At night, I dream of consuming the hurt like hot bread, melting against my gums. I choke, but the right maneuver doesn’t arrive. He never wanted my mouth, at least not for this.
IV. Habitus and the Essential Form
Perhaps, if I could locate the essence on my body, there wouldn’t be such trouble. A hundred phone calls to the provider, rejections, partial answers exchanged for yeses. Re-exchanged for nos. In tantrum, the limbs are mine but the motions are borrowed. We followed the handbook, told the story, went to counseling, got the letters in white envelopes licked shut with hope, we told the stupid story again, made the appointments, the phone calls, did everything. We lived as men. We told the stupid fucking story one more time. And denial stings like vinegar in the wound. The story becomes true. Like scratching the imaginary scab.
It comes down to a simple absurdity: I am fighting for my right as a consumer to buy a new body. Some traits are more easily acquired than others. Likeness seeps into the skin, divides bodies like cells; nothing lost, all gained. Endless variation, infinite iteration. Communal genetics. (Queers make science unreal.) Have I lost faith in social magic?

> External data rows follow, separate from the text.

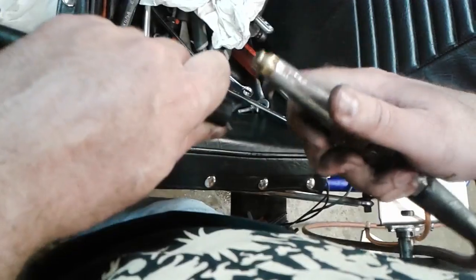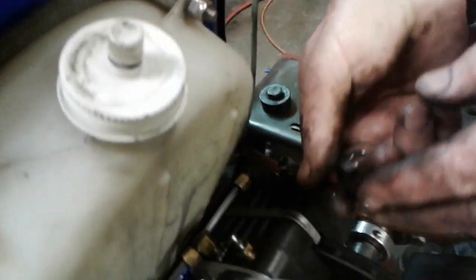Now you come back here so you can see what I'm doing. Open. The fluid came out. You're done with the pressure. That quick.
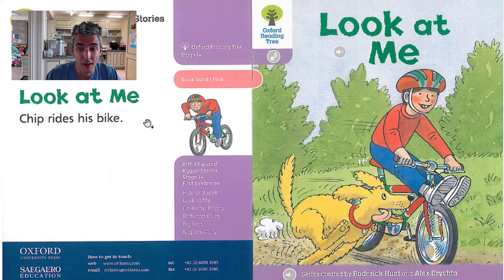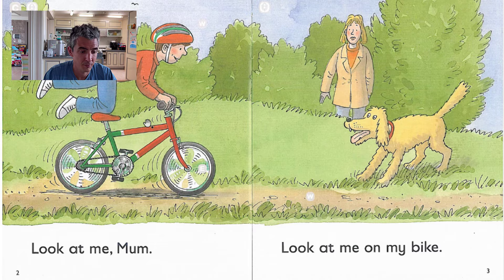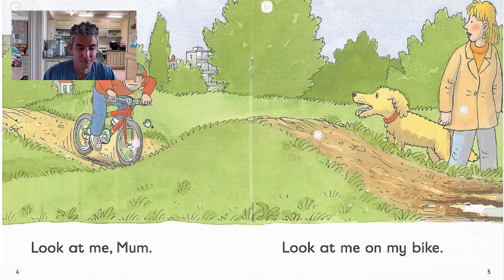Look at me. Look at me, mum. Look at me, mum. Look at me on my bike. Look at me, mum.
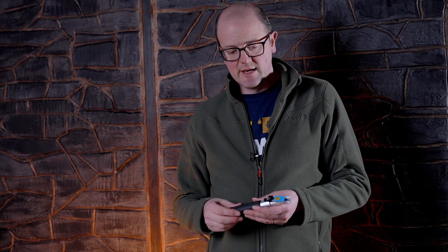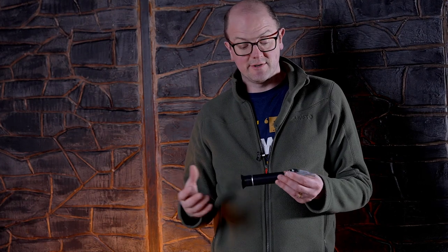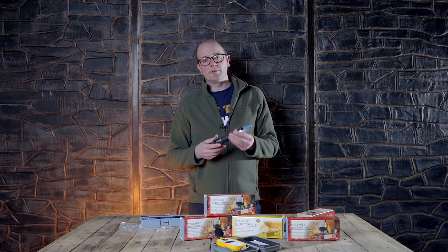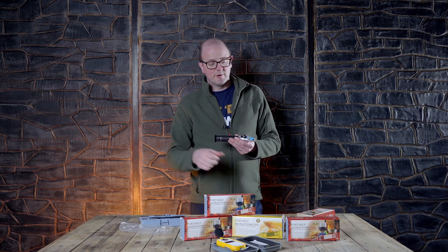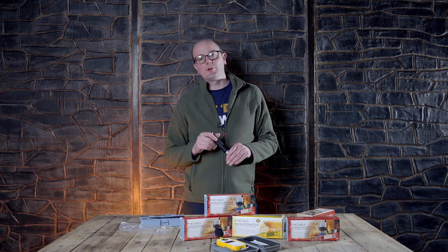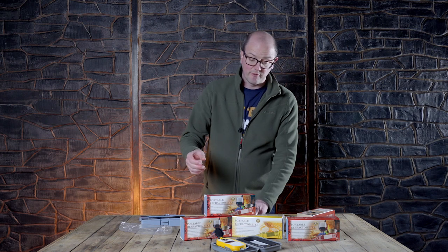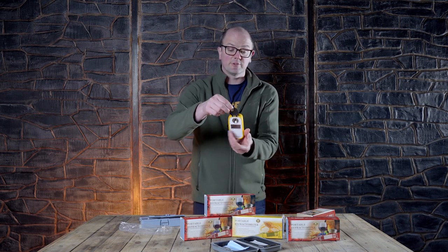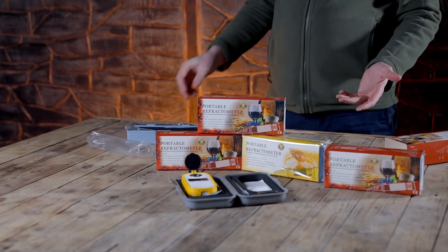Like everything we stock at Get A Brewed, there are different quality refractometers to suit every budget. There are basic ones that read your starting gravity and final gravity. Then you have the LED one that back-lights it for you. There's one for mead, one for winemaking to check the Brix and sugar content of the grape must, one for distilled alcohol, and then we've also got the electronic version if you want a premium quality piece of kit.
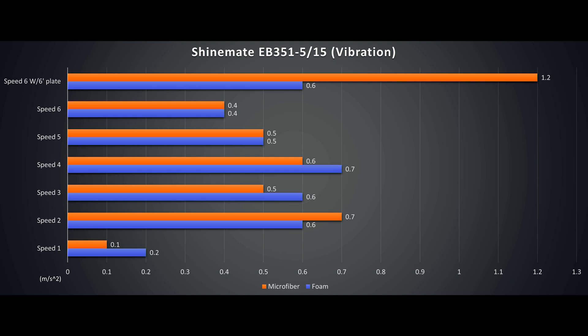Pad thickness and weight does contribute to the vibration after all. Awesome balance at speed 1 of course — not much use here except for waxing. Anything below 0.7 we will consider fairly comfortable. Between 0.8 and 1 is slightly fatiguing. Anything over 1 to 1.2 is somewhat usable, but the arms will give out fast and is not recommended. Most of the differences here are small; at certain speeds, foam is more balanced than microfiber and vice versa.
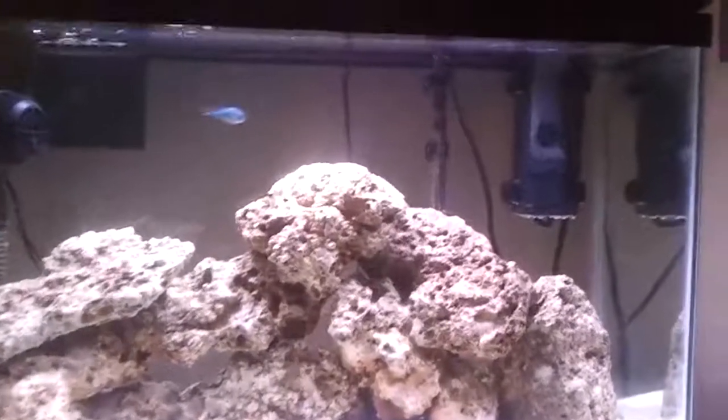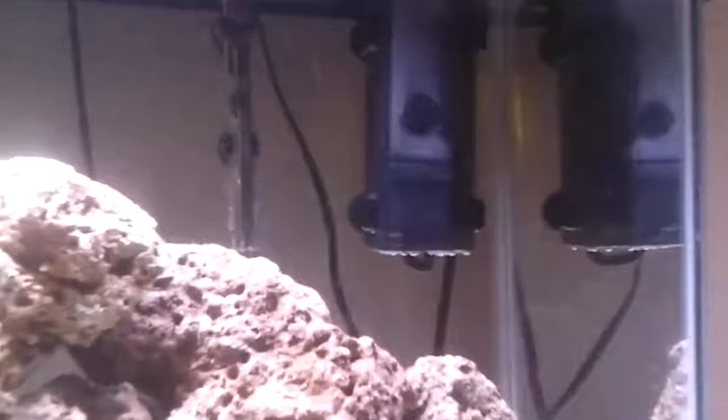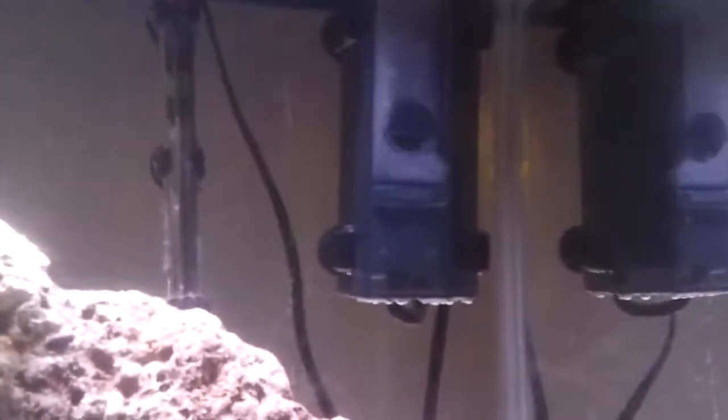What's up YouTube? This is a quick review of my Aquatic Life Mini Pro Skimmer 115. Got it from MarinDepot.com for around $65. Great product — definitely does a good job of taking out all the junk from the tank.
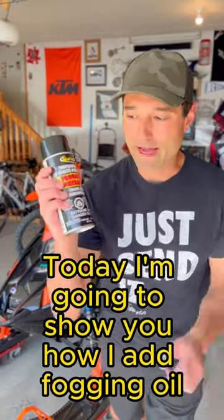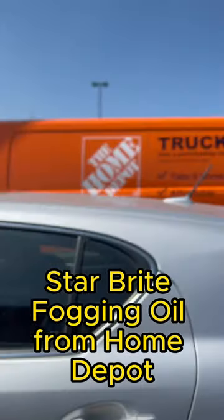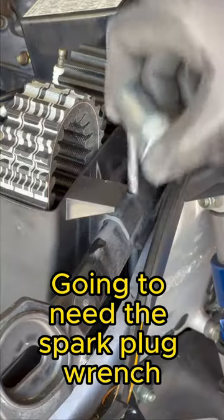Stop scrolling. Today I'm going to show you how I add fogging oil to my Polaris 850. Starbred fogging oil from Home Depot. Spark plug wrench.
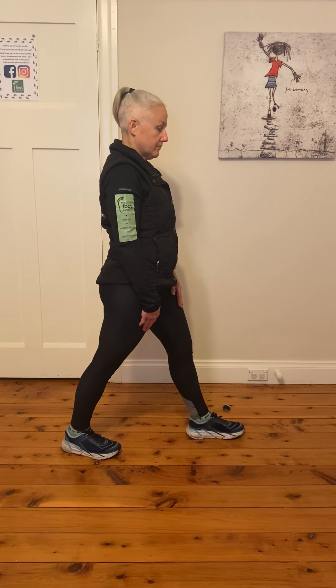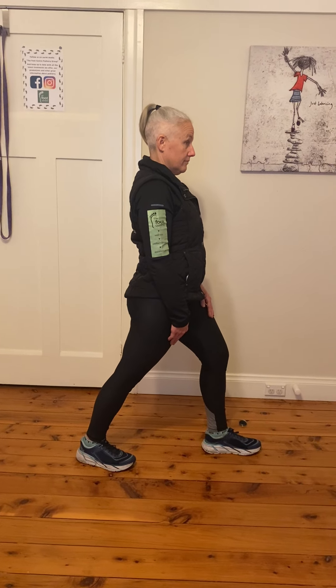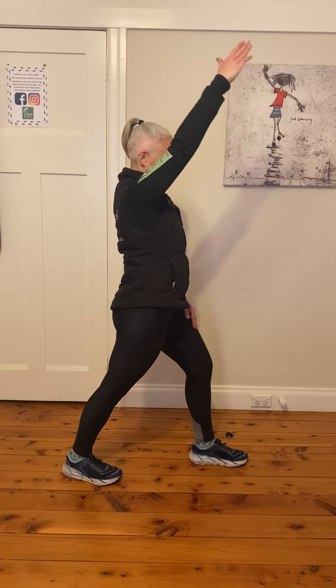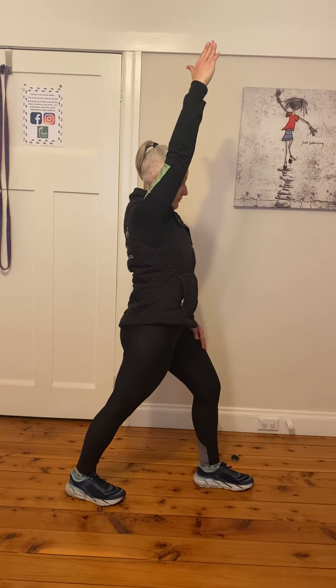So the first one is the standing hip flexor stretch, which Kat's going to show us. Starting feet roughly about a meter apart, making sure they're nice and straight against the wall. What you're going to do is bend your front knee, keeping the back knee straight. Once you're comfortable there, you should feel a stretch through the back calf.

By seeking to acquire the scalpel, to be cut open and repaired, to watch the skin heal into someone else’s body— habitus defunct. And besides, what is insurance anyway? What does “coverage” mean and why is it so hard to find?
The fleshy roots are invisible, which is not to say the body is without source. But where are the words? How to explain the beauty of his shifting form against the stillness, the glassy almost-stability of my own? Or the way in which anything feels right; “feeling,” contradictory to my knowledge of the process. All bodies are a process; all bodies are a process… informed by atmosphere, the pulse of others, the semi-permanence of language.
The essence precedes logic. The essence, falsely embedded in flesh, escapes you. The essence, polished by a story, escapes me.